Vissing-Jørgensen is the Arno A. Rayner Chair in Finance and Management. Her research focuses on empirical asset pricing and household finance (particularly stock market participation and more recently, the special role played by Treasuries), private equity and entrepreneurship, and disclosure regulation. Her work has been published in leading finance and economics journals such as the Journal of Finance, Journal of Political Economy, American Economic Review, and Quarterly Journal of Economics. She won the Journal of Finance Brattle Prize (Distinguished Paper) in 2005 for the paper, "Testing Agency Theory With Entrepreneur Effort and Wealth."
In addition, Vissing-Jørgensen has won several teaching awards at Kellogg, is an associate editor of the Journal of Finance, and is a director for both the American Finance Association and the European Finance Association. She taught the Haas School’s Introduction to Finance class in fall 2012. She earned her PhD from the economics department at MIT.
"I'm very excited to be joining Haas and hope to contribute to making the MBA experience here even better, both in terms of new teaching initiatives and by bringing recent research into the classroom," Vissing-Jørgensen says. "We have to make sure that we don’t just talk a lot about the importance of innovation but exemplify this in our own teaching."
Morse’s research focuses on a wide range of topics from entrepreneurship and household finance to asset management and corporate governance. "I try to use my research energy to put information in the public realm that levels the playing field," says Morse. "For example, my work on tax evasion in Greece has had a material impact on the debates in Greek Parliament and how the people see solutions to the terrible recession they are going through."

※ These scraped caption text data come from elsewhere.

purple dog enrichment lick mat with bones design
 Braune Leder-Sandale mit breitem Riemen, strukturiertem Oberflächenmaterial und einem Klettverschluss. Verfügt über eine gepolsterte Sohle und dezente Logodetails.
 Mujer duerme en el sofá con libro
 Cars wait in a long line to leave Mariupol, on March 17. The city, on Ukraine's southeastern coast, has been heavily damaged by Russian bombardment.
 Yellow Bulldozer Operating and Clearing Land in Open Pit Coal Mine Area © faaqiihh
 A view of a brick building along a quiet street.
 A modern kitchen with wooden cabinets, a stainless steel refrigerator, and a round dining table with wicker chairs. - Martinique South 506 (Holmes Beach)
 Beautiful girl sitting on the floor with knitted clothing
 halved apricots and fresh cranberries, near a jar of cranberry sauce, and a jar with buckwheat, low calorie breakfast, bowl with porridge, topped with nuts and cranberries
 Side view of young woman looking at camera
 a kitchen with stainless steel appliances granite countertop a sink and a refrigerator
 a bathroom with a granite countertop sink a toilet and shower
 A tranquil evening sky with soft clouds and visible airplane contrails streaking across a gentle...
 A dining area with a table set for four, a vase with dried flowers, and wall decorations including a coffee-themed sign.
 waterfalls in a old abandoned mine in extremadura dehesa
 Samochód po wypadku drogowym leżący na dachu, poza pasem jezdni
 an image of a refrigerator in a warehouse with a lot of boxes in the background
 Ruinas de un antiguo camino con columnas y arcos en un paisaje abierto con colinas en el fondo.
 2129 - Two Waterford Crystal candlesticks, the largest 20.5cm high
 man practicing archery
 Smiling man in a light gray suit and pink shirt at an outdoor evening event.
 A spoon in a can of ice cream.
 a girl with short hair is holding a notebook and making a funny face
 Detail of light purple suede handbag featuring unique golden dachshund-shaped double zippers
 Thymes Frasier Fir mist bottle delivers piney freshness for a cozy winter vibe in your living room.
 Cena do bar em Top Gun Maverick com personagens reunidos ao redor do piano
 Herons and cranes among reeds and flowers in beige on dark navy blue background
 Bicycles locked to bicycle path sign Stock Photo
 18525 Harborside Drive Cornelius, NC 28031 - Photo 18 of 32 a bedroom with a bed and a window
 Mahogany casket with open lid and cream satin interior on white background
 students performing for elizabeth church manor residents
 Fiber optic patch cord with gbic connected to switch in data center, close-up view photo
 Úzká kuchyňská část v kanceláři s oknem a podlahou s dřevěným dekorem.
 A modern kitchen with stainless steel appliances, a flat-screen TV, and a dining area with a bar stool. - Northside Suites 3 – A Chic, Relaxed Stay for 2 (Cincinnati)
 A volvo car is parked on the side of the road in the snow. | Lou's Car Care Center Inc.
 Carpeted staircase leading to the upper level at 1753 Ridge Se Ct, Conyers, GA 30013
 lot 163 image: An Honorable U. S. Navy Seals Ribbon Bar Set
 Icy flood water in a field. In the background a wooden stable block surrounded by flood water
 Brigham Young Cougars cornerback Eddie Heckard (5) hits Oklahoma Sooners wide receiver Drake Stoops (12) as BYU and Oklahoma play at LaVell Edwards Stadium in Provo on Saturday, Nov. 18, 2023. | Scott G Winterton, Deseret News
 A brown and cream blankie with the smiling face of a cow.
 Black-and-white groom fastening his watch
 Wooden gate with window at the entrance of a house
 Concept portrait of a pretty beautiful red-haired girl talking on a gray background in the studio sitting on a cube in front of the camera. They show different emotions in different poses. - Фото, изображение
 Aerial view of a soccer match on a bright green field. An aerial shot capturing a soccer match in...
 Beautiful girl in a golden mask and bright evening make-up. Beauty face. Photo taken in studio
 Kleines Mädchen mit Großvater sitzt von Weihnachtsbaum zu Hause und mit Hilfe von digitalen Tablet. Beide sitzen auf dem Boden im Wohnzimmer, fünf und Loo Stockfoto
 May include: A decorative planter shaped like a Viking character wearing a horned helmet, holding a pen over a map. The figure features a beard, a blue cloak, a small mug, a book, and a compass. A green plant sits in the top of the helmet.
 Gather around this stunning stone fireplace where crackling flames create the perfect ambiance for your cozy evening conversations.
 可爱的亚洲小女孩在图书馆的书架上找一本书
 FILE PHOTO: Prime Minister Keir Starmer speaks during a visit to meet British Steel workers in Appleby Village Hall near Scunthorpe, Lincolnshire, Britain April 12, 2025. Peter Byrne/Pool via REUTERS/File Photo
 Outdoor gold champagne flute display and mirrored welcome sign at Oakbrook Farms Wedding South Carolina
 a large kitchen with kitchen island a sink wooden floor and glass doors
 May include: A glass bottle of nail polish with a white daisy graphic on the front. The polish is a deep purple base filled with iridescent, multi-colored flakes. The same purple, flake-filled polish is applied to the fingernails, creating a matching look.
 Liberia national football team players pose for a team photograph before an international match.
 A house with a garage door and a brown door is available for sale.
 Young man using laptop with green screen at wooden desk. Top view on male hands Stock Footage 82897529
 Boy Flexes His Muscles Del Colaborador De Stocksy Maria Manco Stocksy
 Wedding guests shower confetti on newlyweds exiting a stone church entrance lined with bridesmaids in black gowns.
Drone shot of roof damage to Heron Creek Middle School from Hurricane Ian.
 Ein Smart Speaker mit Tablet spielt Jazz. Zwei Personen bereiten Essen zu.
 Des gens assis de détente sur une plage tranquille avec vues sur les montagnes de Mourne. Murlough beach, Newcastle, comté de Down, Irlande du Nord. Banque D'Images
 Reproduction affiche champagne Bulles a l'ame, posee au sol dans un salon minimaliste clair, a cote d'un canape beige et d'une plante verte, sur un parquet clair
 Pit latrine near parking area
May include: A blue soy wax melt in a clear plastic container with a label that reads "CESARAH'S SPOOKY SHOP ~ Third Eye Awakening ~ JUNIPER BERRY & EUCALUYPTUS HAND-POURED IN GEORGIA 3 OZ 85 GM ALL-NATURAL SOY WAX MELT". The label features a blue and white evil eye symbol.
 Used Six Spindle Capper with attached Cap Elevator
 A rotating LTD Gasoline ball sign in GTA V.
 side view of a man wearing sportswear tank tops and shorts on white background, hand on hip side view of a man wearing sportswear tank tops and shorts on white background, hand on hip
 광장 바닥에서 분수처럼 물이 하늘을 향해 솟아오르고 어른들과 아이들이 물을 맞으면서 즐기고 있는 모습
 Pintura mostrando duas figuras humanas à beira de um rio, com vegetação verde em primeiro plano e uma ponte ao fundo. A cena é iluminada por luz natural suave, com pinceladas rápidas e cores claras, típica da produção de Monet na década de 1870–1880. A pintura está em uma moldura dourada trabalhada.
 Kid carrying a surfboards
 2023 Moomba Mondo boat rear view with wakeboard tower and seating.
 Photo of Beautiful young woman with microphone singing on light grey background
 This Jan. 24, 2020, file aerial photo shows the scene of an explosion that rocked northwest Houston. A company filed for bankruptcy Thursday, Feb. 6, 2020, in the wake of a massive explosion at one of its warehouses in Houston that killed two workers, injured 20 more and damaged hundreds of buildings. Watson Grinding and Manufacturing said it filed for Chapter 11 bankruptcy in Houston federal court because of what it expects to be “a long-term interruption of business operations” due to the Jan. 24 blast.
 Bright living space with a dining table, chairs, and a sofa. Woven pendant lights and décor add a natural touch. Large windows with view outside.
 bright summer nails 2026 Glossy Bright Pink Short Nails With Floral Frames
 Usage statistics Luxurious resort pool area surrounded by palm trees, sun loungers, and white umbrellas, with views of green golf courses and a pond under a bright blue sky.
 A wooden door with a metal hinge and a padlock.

Morse’s paper on how disclosing information about fees on payday loans affects borrowing decisions earned her the prestigious first place Brattle Prize from the Journal of Finance. Implications from her work on corporate fraud appear in the Dodd Frank Act. The Haas Executive Committee honored Morse with a Schwabacher Fellowship, the highest honor that the Haas School bestows upon assistant professors. Morse received her PhD in finance from the University of Michigan’s Ross School of Business.